Autour d’un ou plusieurs frontmen (trompettiste, guitariste, pianiste...), le jazz s’interprète classiquement avec une rythmique composée d’au moins un batteur et un bassiste. Ce sont eux qui instillent rythme et tempo. L’exploit des Sons of Kemet est justement de se priver de bassiste mais de réussir malgré cela à insuffler un réjouissant groove. Sur « My Queen is Harriet Tubman », « My Queen is Doreen Lawrence » ou « My Queen is Anna Julia Cooper », c’est le tuba qui réussit la prouesse de faire vibrer nos tympans à la manière d’une grosse basse bien ronde suivant les déambulations du saxophone. Pour ces titres précis, la recette fonctionne à merveille. Inutile de dire qu’Hutchings est impressionnant techniquement tout au long du disque et quel que soit le registre lent ou plus aventureux quand son jeu se fait plus véhément et lorgne vers le free-jazz des Gloires précitées. A l’instar de sa magnifique pochette, Your Queen is a Reptile évoque évidemment Mother Africa par ses cadences percussives. Il est également traversé des rythmes caribéens chers à Shabaka, originaire de la Barbade. Le récital s’apparenterait même parfois à un orchestre balkanique par son addition gargantuesque de cuivres. Autant dire que le dépaysement est assuré. La production est pour sa part très actuelle et clairement estampillée UK et donne une touche paradoxale à un ensemble à la fois suranné et terriblement moderne. Fidèle à ses habitudes, Shabaka convie également des voix. Sur « My Queen is Ada Eastman » et « ...Doreen Lawrence » c’est Joshua Idehen qui déverse son flow quelque part entre Malcolm X et un prêcheur pentecôtiste sous LSD. Le toaster Congo Natty complète le casting et vient poser sa voix sur le dub « ...Mamie Phipps Clarke ».

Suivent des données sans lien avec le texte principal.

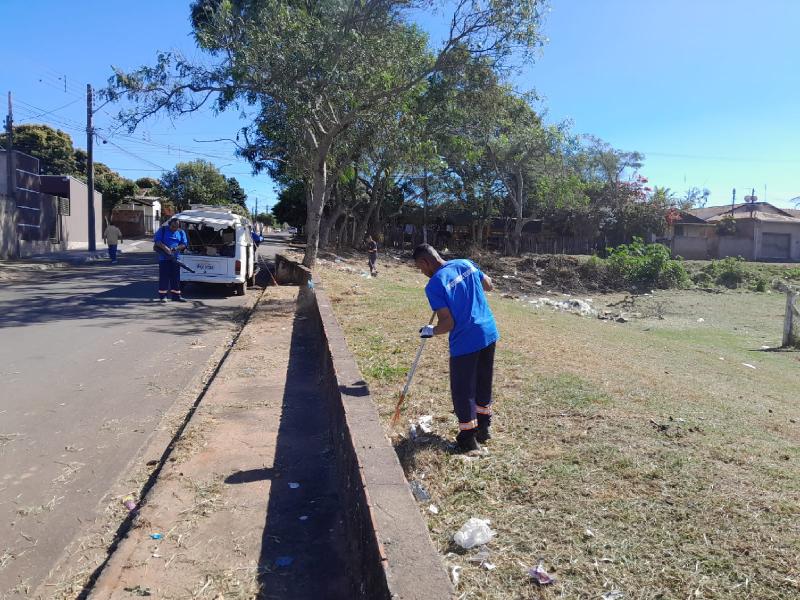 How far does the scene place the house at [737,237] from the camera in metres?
47.6

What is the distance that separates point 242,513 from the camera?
13.3 feet

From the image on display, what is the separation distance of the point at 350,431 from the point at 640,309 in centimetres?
2041

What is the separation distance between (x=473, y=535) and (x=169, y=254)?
1168 cm

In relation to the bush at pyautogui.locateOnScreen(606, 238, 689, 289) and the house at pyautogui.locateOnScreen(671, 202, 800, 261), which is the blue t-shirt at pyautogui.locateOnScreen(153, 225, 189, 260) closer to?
the bush at pyautogui.locateOnScreen(606, 238, 689, 289)

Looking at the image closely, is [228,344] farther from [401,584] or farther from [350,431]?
[401,584]

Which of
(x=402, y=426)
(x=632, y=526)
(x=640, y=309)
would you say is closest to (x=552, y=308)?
(x=640, y=309)

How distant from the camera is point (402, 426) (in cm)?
505

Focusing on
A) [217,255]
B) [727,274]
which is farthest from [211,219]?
[727,274]

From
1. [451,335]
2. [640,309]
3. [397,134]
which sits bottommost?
[640,309]

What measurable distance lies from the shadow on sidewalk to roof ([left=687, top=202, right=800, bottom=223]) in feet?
163

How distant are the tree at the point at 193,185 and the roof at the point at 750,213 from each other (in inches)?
1737

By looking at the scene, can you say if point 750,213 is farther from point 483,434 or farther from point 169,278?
point 483,434

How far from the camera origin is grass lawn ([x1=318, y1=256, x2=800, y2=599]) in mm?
2863

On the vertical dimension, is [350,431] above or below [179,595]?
above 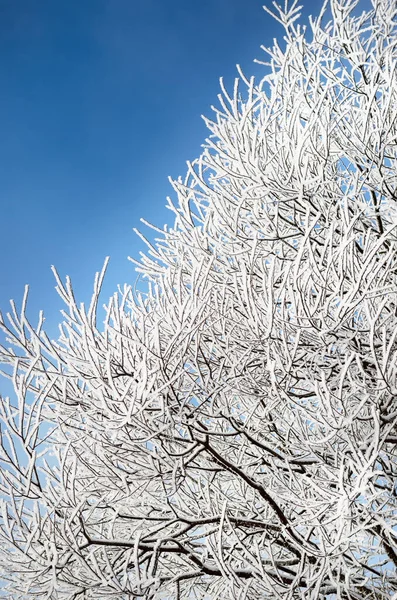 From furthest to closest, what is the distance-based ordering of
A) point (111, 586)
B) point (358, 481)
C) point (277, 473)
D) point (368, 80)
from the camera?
1. point (368, 80)
2. point (277, 473)
3. point (111, 586)
4. point (358, 481)

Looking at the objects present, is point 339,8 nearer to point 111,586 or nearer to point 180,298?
point 180,298

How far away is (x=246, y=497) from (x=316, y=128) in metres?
3.51

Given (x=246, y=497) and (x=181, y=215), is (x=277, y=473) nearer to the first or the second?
(x=246, y=497)

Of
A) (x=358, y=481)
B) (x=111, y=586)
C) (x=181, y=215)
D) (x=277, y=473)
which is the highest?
(x=181, y=215)

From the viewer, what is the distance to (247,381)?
419cm

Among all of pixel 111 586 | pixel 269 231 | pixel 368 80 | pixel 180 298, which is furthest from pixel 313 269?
pixel 368 80

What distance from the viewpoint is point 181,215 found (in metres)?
4.53

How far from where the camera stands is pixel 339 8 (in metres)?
5.02

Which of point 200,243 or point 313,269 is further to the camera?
point 200,243

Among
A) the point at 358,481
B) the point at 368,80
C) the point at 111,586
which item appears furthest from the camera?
the point at 368,80

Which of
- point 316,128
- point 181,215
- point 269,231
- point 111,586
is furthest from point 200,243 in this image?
point 111,586

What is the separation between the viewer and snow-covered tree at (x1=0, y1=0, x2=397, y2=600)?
3.01 meters

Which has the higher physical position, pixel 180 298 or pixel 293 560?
pixel 180 298

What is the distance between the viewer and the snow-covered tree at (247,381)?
3.01 metres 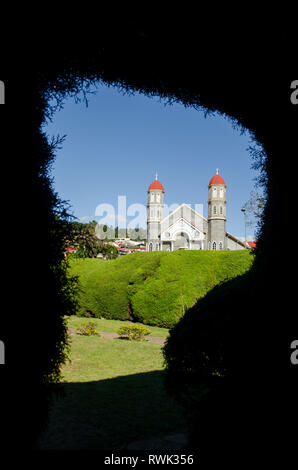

Mais ce qui prédomine au long de ces neuf titres, c’est cette spiritualité qui atteint son paroxysme sur l’extatique « ... Nanny of the Maroons ». C’est cette notion même qui rend ce disque si difficile à juger car par définition, la perception de la spiritualité est immatérielle, intime et donc propre à chaque auditeur. Pour peu que l’on veuille voir au-delà de la musique, l’écoute de ce disque pourrait chez certains éveiller de nouvelles perceptions. A contrario et plus prosaïquement, le tuba peut aussi fatiguer à la longue et son omniprésence écrase souvent l’élément essentiel du discours, le saxophone. Plus largement, la densité déployée ici et son exubérant air de fanfare peuvent parfois indisposer. A l’image du free jazz dont il est une incarnation contemporaine et affable, Your Queen is a Reptile pourrait donc bien effrayer certains auditeurs profanes. Les autres se paieront un voyage euphorisant dans les tréfonds de l’âme noire.